— Task inputs —
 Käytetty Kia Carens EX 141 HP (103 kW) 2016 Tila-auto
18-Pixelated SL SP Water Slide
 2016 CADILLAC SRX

--

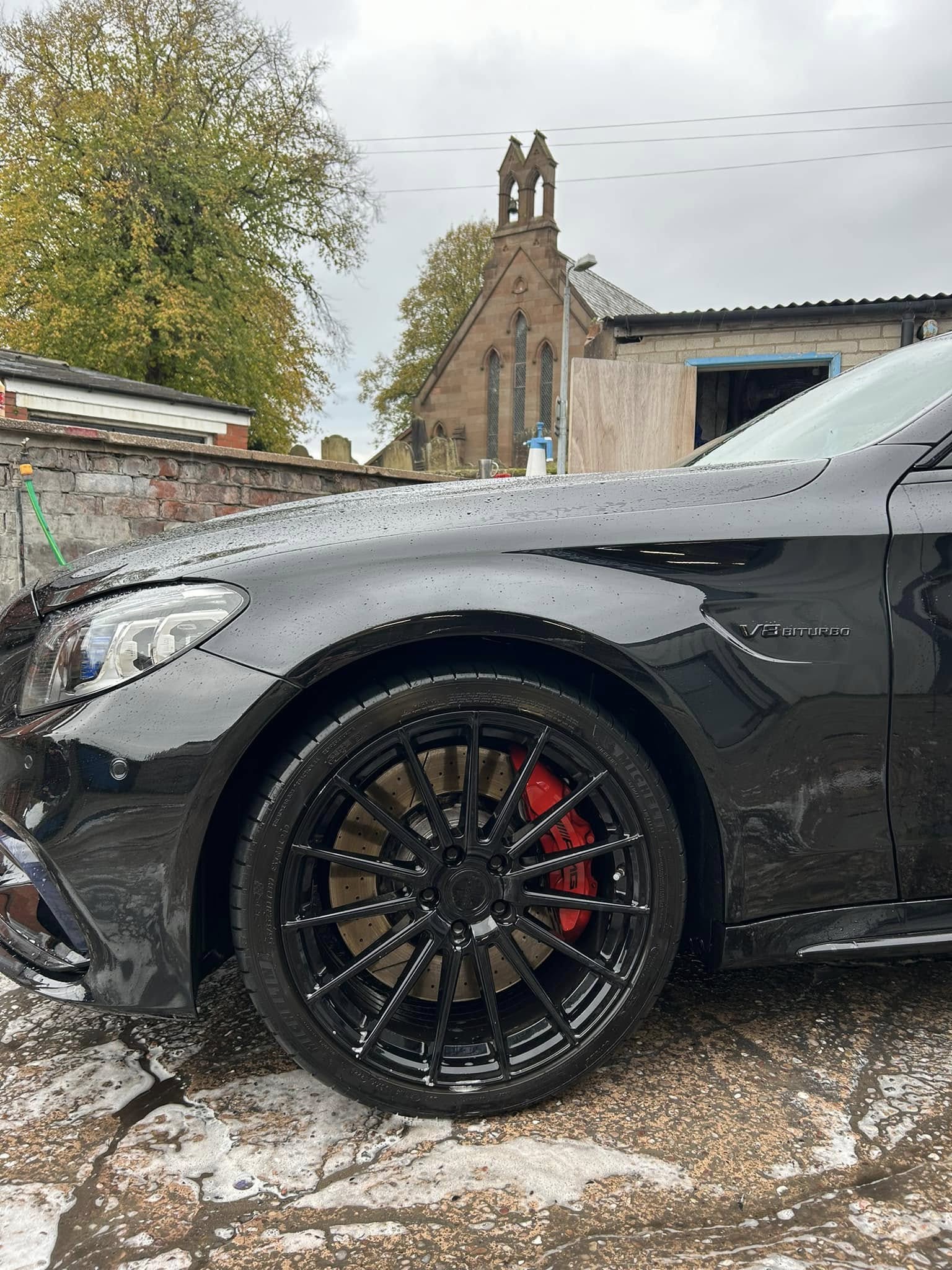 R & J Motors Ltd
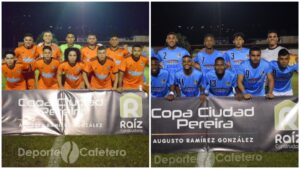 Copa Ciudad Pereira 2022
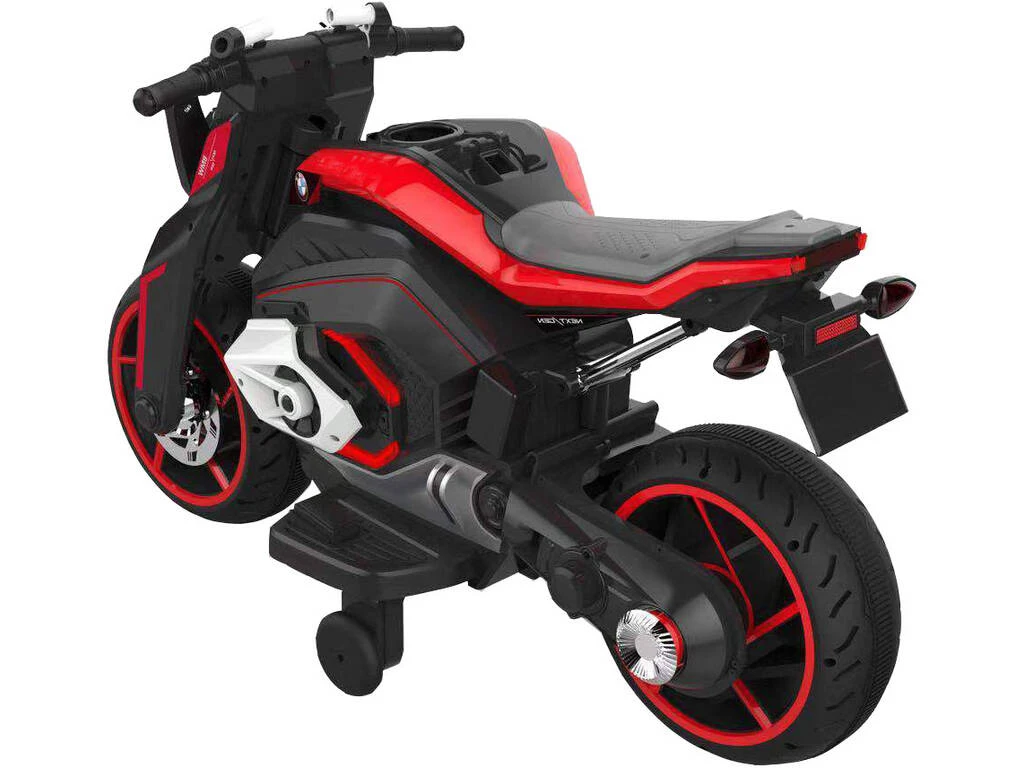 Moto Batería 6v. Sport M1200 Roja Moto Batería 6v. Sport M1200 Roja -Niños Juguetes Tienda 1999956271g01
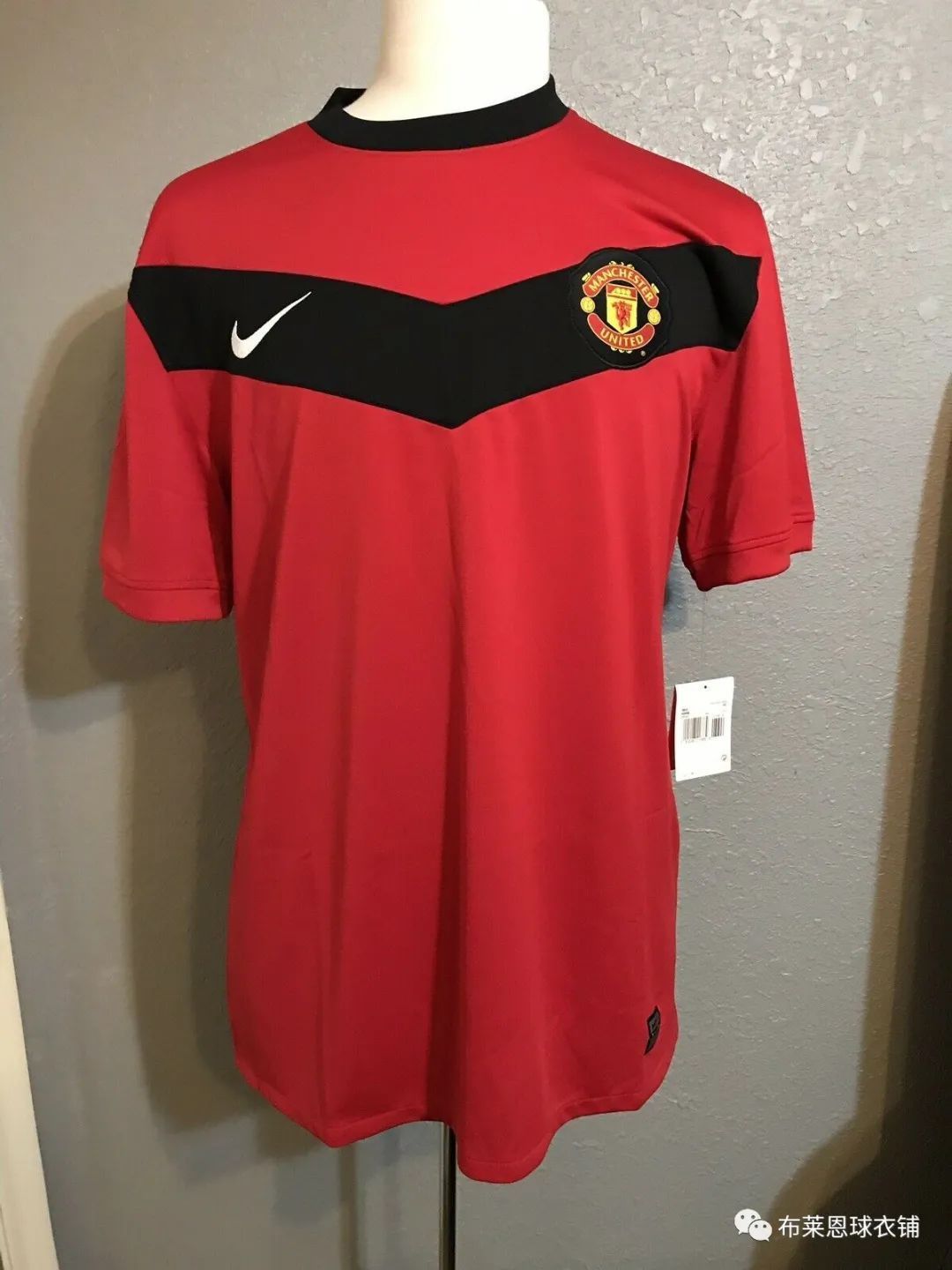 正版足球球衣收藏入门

— What you need to do —
Once you find the line with "Käytetty Kia Carens" above, print it and every line after it up to and including the line with "2016 CADILLAC SRX", exactly as written and nothing else.

— The completed task —
 Käytetty Kia Carens EX 141 HP (103 kW) 2016 Tila-auto
18-Pixelated SL SP Water Slide
 2016 CADILLAC SRX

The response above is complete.